**Records for this exercise**:
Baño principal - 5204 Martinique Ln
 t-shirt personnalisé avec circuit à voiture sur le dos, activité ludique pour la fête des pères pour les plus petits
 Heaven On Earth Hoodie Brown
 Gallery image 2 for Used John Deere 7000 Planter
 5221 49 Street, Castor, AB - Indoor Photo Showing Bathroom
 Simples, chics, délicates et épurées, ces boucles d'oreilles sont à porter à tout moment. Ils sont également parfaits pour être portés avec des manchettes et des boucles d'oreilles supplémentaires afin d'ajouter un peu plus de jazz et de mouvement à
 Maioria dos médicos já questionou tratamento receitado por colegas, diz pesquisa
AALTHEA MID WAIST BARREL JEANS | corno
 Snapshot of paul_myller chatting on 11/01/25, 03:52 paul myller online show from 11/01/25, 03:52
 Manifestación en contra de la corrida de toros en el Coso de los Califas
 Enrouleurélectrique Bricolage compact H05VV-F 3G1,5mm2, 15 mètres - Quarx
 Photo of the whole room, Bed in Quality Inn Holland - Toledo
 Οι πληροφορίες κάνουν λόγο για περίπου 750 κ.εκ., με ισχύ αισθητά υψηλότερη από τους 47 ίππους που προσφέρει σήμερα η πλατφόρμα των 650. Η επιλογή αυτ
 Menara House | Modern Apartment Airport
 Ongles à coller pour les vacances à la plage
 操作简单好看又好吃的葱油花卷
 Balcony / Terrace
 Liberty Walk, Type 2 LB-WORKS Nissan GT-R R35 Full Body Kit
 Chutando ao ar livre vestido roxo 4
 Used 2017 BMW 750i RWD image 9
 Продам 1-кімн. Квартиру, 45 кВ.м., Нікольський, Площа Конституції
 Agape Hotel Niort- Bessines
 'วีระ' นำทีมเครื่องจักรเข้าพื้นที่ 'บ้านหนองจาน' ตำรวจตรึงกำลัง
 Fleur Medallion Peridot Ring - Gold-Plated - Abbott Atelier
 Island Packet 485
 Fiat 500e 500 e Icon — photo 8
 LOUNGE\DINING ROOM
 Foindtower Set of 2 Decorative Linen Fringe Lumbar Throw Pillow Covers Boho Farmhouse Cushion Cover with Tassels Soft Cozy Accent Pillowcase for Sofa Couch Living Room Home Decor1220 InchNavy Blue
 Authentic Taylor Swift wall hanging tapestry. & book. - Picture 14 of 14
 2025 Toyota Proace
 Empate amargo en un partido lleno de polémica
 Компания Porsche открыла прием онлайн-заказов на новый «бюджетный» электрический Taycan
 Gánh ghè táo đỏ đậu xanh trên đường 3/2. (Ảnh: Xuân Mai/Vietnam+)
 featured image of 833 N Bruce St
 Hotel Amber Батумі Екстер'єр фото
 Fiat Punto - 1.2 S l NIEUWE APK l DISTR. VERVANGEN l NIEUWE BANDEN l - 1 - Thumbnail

**Work to complete**: Gather, from the listing above, every line carrying the word "image".

**Result of this task**:
 Gallery image 2 for Used John Deere 7000 Planter
 Used 2017 BMW 750i RWD image 9
 featured image of 833 N Bruce St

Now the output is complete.